In fact, I may even attempt it on OLPC News using Amazon's Mechanical Turk service as an economical way to save the occasional valid site comment that falls into the always-full comment spam junk folder so we can focus more on content creation and less on comment management.

Related Entries


Hi Wayan. I quite agree that humans could be hired, sat behind OLPCs, to filter comment spam. I believe however that the problem is to do with numbers...if a human is able to craft a comment spam which is clever enough to get past the targetted spam filter then a spammer can take this specially-crafted message (or variants of it) and blast it out to hundreds (or tens) of related forums and blogs.

A human filter will only see the 1 message from the 1 site at a time - so the human is limited by the number of messages they can see, and also by the fact that they need to read most/all of the messages that need filtering. You could batch these messages (assuming the blogs/forums all subscribe to the same anti-spam+human-powered service), but if you can batch them then presumably regular statistical techniques could be used for the spam classification.
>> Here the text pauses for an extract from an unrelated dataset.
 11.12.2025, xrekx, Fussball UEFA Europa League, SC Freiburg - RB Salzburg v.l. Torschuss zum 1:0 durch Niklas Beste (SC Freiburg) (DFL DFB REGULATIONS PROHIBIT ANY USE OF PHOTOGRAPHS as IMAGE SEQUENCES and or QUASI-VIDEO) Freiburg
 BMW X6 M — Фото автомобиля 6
I don't think the numbers are on the side of the human filter at all!

I'm assuming here that we're talking about really clever spam messages, and that regular spams are being filtered by regular anti-spam techniques. So, I'll stand by my original argument that improvements need to be made to natural language and image processing toolkits to automate the defence against this form of attack :-)


you might be interested in this google talk where he uses human power to the good. I like when he says "captchas are creating jobs in 3rd wolrd countries!"
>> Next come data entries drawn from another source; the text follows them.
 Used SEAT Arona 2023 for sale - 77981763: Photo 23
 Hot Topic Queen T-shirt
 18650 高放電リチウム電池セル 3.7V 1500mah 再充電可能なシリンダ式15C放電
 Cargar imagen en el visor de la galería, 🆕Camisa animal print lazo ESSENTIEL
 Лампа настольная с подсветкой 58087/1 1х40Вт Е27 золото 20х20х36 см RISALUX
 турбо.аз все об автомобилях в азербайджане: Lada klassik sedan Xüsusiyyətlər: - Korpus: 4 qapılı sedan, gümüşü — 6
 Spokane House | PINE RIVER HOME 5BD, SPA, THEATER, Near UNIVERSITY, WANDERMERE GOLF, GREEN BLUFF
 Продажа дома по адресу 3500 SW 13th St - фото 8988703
Solution to the "millions of kids in third world countries solving capcha challenges for pay" problem: If those kids are getting paid, then they have a source of income (oh the humanity!), so sell ad space in the capcha images, to make them want to buy iPods and WOW accounts and wallpaper paste and crap like that. If you've got millions of eyeballs, then of course you can make money off of them!
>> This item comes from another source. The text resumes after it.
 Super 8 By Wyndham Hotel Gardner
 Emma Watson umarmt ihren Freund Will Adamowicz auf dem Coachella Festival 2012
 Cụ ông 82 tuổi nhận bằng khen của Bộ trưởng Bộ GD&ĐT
Sarcasm aside, my point is that the "problem" of paying millions of kids in third world countries to use their OLPCs to solve capcha challenges is the kind of wonderful "problem" you'd only have if you were brilliantly successful at something much more important (getting computers and money to needy kids) than the negative side-effects of the "problem" (blog spam). I'd love to live in a world that has such "problems" as millions of poor kids with computers and jobs.

Why not just pay some OLPC-enabled kids to delete your spam? Or put them to work on the other side of the problem: detecting legitimate human users?

It really seems out of proportion to complain that enabling kids with computers will increase your blog spam. Does the author of this article have some kind of anti-OLPC agenda, or is he in the employ of some organization with an anti-education agenda, like the Republican Party or Catholic Church?


How about we just turn the comment features off? Nice simple solution. Email spam is more tricky.

Come on, what's next ? Armies of OLPC-equipped kids making human DOS attacks and ssh bruteforce all over the world ?

If we turned off the comment feature, we couldn't have this very conversation on OLPC News. Open and public reader feedback and input is a key feature of Web 2.0

You might want to re-read the post. I do suggest that OLPC-equipped kids would be a great blog spam filter.

And I agree, may we all be so lucky have such "success problems" in our work. It just good to think about what those problems might be to mitigate their impact.

There is already too much spam in the world. More computers will just mean more spam. How many more Nigerian emails do you want?

Captchas are simply pointless now because there already are captcha solving shops in China. Having more of them in Africa will not change a damn thing.